Genildo Coelho mostra preocupação sobre como seria feito o processo de reconstrução. Ele apresentou ao Conselho Municipal de Cultura um documento com as razões pela qual considera que não é adequada a reconstrução pura e simplesmente. “Penso que esta ação deveria antes passar por uma discussão tanto no Conselho Estadual de Cultura como também na comunidade, que é a real detentora deste patrimônio. Uma reconstrução geraria um pastiche, uma mentira, e em patrimônio esta atitude não é correta. Não podemos convidar um visitante para entrar em uma ‘nova casa antiga’, ou em uma casa que imita uma construção antiga”, afirma. O tombamento visa a preservar não apenas o imóvel mas também os materiais e formas e técnicas originas de sua construção, o que não pode ser recuperado após o desabamento.
De qualquer maneira, o sonho de ver o local funcionando e trazendo a memória da cidade deve acabar sendo retrasado. Sandra Lourenço, responsável pelo Museu Dr. Dirceu Cardoso, lamenta o ocorrido. “Minha mãe tem 96 anos de idade, foi ex-aluna do Colégio de Muqui e vinha lutando por essa sede há muito tempo. Sonho que ela possa ver o museu inaugurado”, conta.

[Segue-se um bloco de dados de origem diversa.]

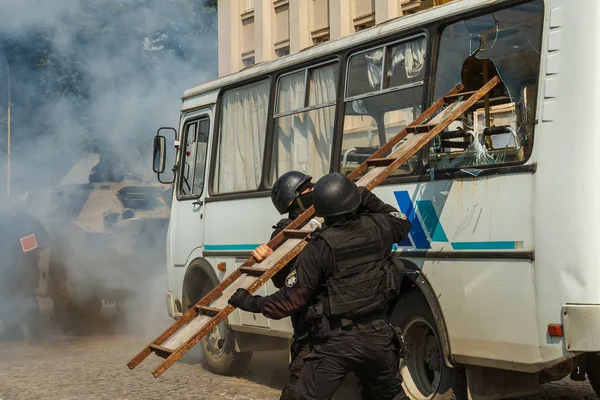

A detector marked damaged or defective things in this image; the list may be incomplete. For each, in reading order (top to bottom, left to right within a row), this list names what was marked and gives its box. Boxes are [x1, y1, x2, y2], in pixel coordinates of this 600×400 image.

Tendo assumido desde 2007 a luta iniciada pela mãe, ela cobra mais que tudo uma solução para que o museu possa se tornar realidade o quanto antes seja possível, já que o amplo acervo já recolhido encontra-se guardado e pode se deteriorar. Dirceu Cardoso, homenageado com o nome do museu, foi advogado, diretor do Colégio de Muqui, prefeito do município, deputado estadual, deputado federal e senador da República. “É uma homenagem a ele, mas sobretudo a intenção é que seja um museu da cidade, sobre a história de Muqui”, diz Sandra Lourenço.